**DESCRIPTION OF THE TASK**
Lines before the one containing "Евгений Рылов принес" are not wanted; restate the rest below word for word, through the last line, but drop any pictures.

**SOURCE MATERIAL**
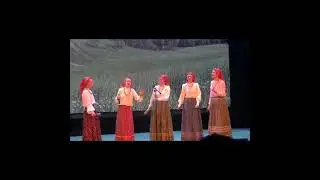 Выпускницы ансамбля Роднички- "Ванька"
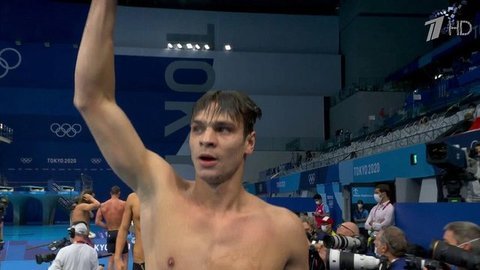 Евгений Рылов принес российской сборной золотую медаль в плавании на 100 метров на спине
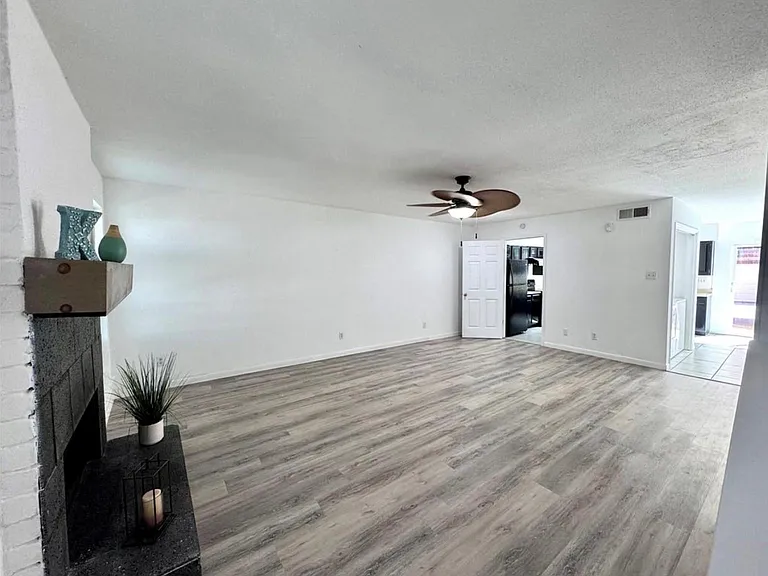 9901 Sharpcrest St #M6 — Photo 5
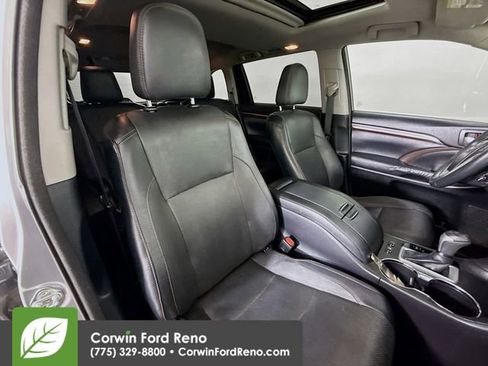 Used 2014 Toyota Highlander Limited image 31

**SOLVED PROBLEM**
 Евгений Рылов принес российской сборной золотую медаль в плавании на 100 метров на спине
 9901 Sharpcrest St #M6 — Photo 5
 Used 2014 Toyota Highlander Limited image 31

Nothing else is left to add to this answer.